I don’t mean to say that games as a service is inherently a bad idea, but to consider it a new standard in the industry means trouble for people that, like me, have less and less time to play things as responsibilities pile up and don’t want to take “gaming” as a second job instead of pure entertainment.
When talking about games as a service, it’s hard not to mention free-to-play games (or F2P), which are entirely based on this model. Some types of game can only thrive when using such strategy. The recent explosion of Battle Royale games is a prime example. These days, in a highly competitive market, many games that depend on player numbers wouldn’t be able to survive without the promise of free, highly optimized content, and that’s understandable.
However, for a long time, saying that a game was “F2P” meant it was an unfinished product that could only be enjoyed by spending money to unlock high-tier (or “end-game”) content, and the players who spent more were more powerful. Then Warframe and Path of Exile hit the market and this preconception started to change. They were considered the best examples of what F2P could achieve, all the while keeping a fair business model along the way.
They are not perfect, of course. I’m an assiduous Warframe player and have a lot to complain, but not about their business model. However, I’m well aware that, in the future, all the time and money I spent in the game might go into the Limbo (haha, Warframe joke), since I don’t really own the copy of the game I play or the contents I might buy.
Now consider Monster Hunter: World, for example. While it clearly doesn’t follow the concept of “game as a service”, it draws some ideas from there. The fact that there are seasonal events and you have a limited time to do them and get the rewards is one of those. This creates a responsibility for the player, who has to log in every day not just to receive the daily rewards, but to farm whatever will be available in that month’s event. The player bought the game, it was delivered finished, it’s even possible to play offline, but the player doesn’t control the rate at which to enjoy the game itself, and might be cut off of content.
Don’t get me wrong, I love that there’s free content being delivered post-launch, but the “gatekeeping” — so to speak — controlling what content you can access, and when, based on things outside the player’s control seems to be there just to lure people in, all the while disguised as “interactive events”. It creates a commitment that the player didn’t sign up for.
Older Monster Hunter games didn’t have to do that.

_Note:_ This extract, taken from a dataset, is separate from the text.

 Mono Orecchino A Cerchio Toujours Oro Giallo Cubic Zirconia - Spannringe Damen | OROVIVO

You bought the game, it was complete (even with the post-launch content), you played from start to finish at your own pace — which could go from 100 to 1,000 hours, literally — and enjoyed the product.

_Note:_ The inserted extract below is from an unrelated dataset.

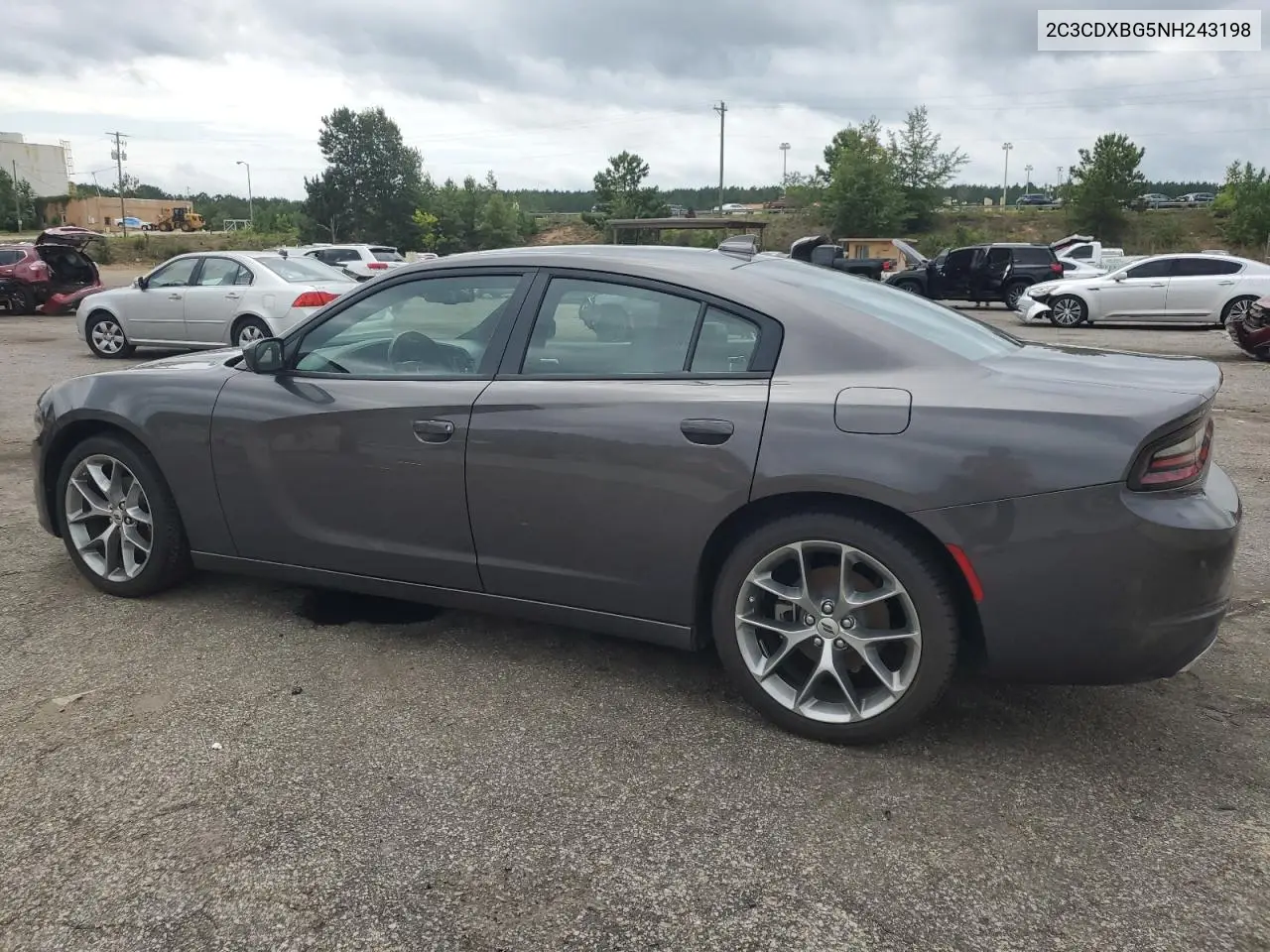 2022 Dodge Charger Sxt VIN: 2C3CDXBG5NH243198 Lot: 61976305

Monster Hunter: World is still a very good game, but this change is enough to make me worry, just a little bit, about what Capcom might have in mind for their next titles.
But, for every fair business practice in the industry, it seems that there are two or three exploiting the players to maximize profit. Or so it looks like when you go around the internet reading news about recent launches. Two of those, Anthem and The Division 2, went full dip into the games as a service idea, really embracing every possible aspect, but failing to deliver a good product at launch.
Being both AAA titles, it’s almost unbelievable the amount of issues players reported (Anthem more than anything else). There’s bad pacing, bad loot, bad AI, bad end-game content, lots of bugs, content cut out to be delivered later, and so on. It’s also becoming common to use players, instead of a QA department, to track and solve bugs — and, sometimes, game balance — which is a huge red flag.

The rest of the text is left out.